If you're waiting on your permanent Texas driver's license to arrive in the mail and have a flight coming up, the short answer is: it depends — specifically on whether your temporary document is REAL ID-compliant and how the TSA handles it at the checkpoint.
Here's what you need to understand before you get to the airport.
When you apply for or renew a Texas driver's license, the Texas Department of Public Safety (DPS) typically issues a temporary paper document on the spot. This serves as your legal proof of licensure while your permanent card is produced and mailed — a process that generally takes a few weeks.
This temporary license is a printed paper receipt, not a plastic card. It carries your information and is legally valid for driving in Texas during that window. But for air travel, "valid for driving" and "accepted at a TSA checkpoint" are not the same thing.
The REAL ID Act is a federal law that sets minimum security standards for state-issued identification used to access federal facilities and board domestic commercial flights. Since May 7, 2025, TSA has required REAL ID-compliant identification — or another acceptable form of ID — to board federally regulated domestic flights.
A Texas driver's license marked with a gold star in the upper right corner is REAL ID-compliant. The question for travelers with a temporary document is whether that temporary paper license carries the same compliance status.
Texas DPS issues temporary paper licenses as part of the standard issuance process. Whether a temporary license is accepted by TSA as REAL ID-compliant identification is a separate question from whether it's valid for driving.

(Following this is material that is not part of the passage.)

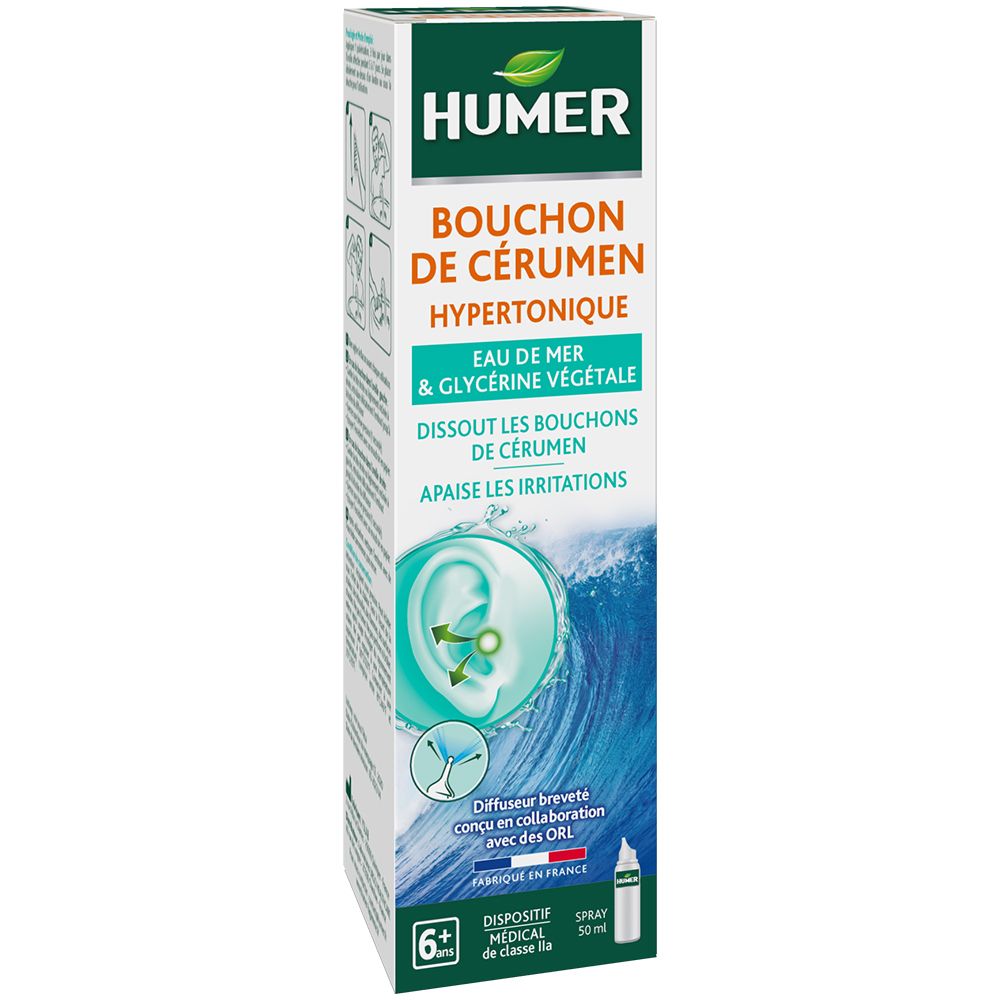 Humer Hypertonische Oorsmeerverwijderaar Spray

TSA maintains a list of acceptable identification documents for airport screening. Temporary paper licenses from any state occupy a gray area — they are not plastic cards, they are not universally standardized across states, and TSA officers have discretion in what they accept.
As a general matter, TSA has stated that temporary driver's licenses may be accepted, but this is not a guarantee. Acceptance can vary based on:
| Factor | Why It Matters |
|---|---|
| REAL ID star marking | A temporary license may or may not display the gold star; this affects TSA's assessment |
| Document legibility | Paper documents can be difficult to verify; printing quality and visible security features matter |
| Expiration of the temporary | Temporary licenses have a defined validity window; an expired temporary is not acceptable |
| Secondary ID you carry | Having a passport or passport card resolves the question entirely |
| TSA officer discretion | Officers have authority to accept or escalate; outcomes are not uniform |
If you have a flight scheduled while waiting on your permanent Texas license, you have alternatives that remove any uncertainty:
The point is that a temporary paper license puts the decision in the hands of a TSA officer rather than in yours. Whether that's an acceptable risk depends on your situation, how soon your flight is, and what other documents you have available.

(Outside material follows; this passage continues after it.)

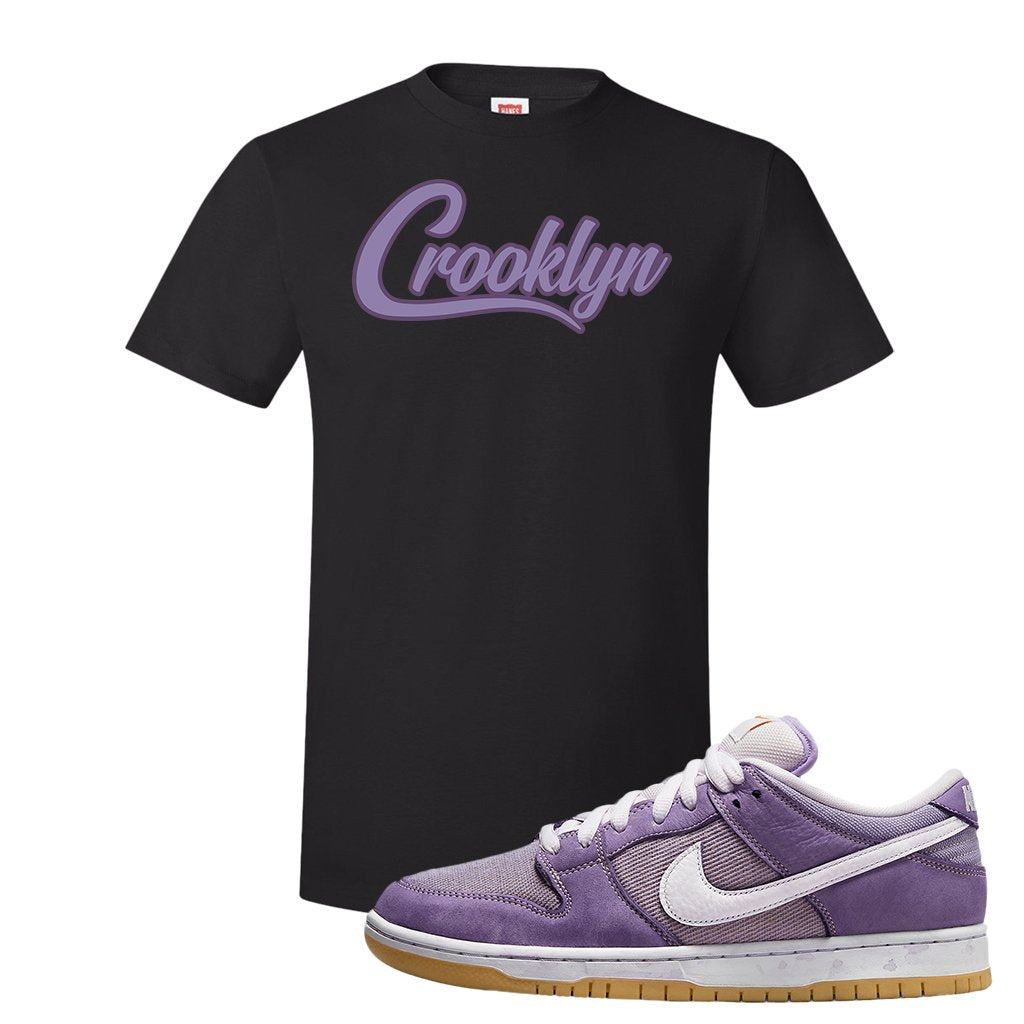 Unbleached Purple Lows T Shirt | Crooklyn, Black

Not all Texas license applicants are in the same position. First-time applicants, people upgrading to a REAL ID for the first time, and those whose licenses were recently renewed after a period of suspension may face different processing timelines before receiving their permanent card.
Texas, like other states, issues temporary documents as a bridge — but the federal government sets the rules for what counts at airport security. Those two systems were not designed with perfect coordination in mind.
Additionally, if your temporary Texas license is a non-REAL ID standard license — meaning you didn't provide the documentation required for the gold star designation — the document's status at a TSA checkpoint becomes even less certain. A non-compliant temporary license has the same airport access limitations as a non-compliant permanent license.
The outcome depends on details that can't be assessed from the outside: whether your temporary document carries REAL ID compliance, how it's printed, when your flight is, and what other identification you carry.
TSA's published list of acceptable identification documents is the authoritative source for what will and won't be accepted at a checkpoint — and that list distinguishes between document types in ways that a general discussion of Texas licensing procedures can't fully capture.
Your temporary document's standing with the TSA is not something Texas DPS determines, and it's not something that can be resolved by checking whether you're legally allowed to drive.